__Task directions__. Copy all the data exactly, except the pictures.

__Data section__.
------------------------------------
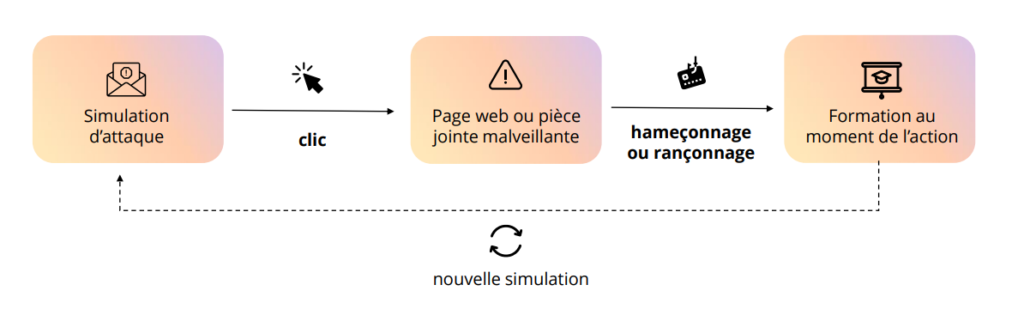 processus-cybercoach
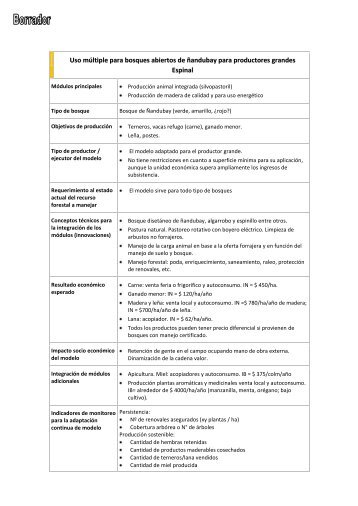 Uso múltiple para bosques abiertos de ñandubay para productores ...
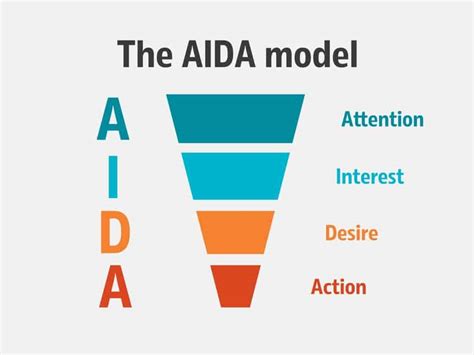 Get More Customers With Aida Model The Ultimate Marketing Tool The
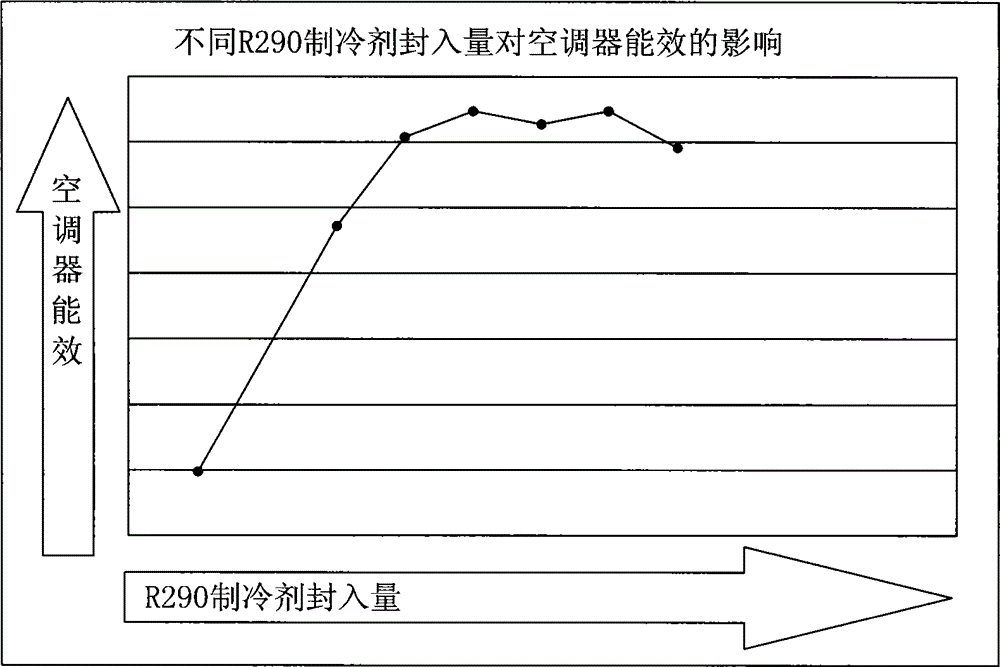 Enclosed oil quantity optimization method for rotary compressor using hydrocarbon refrigerant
------------------------------------
__Exercise solution__.
 processus-cybercoach
 Uso múltiple para bosques abiertos de ñandubay para productores ...
 Get More Customers With Aida Model The Ultimate Marketing Tool The
 Enclosed oil quantity optimization method for rotary compressor using hydrocarbon refrigerant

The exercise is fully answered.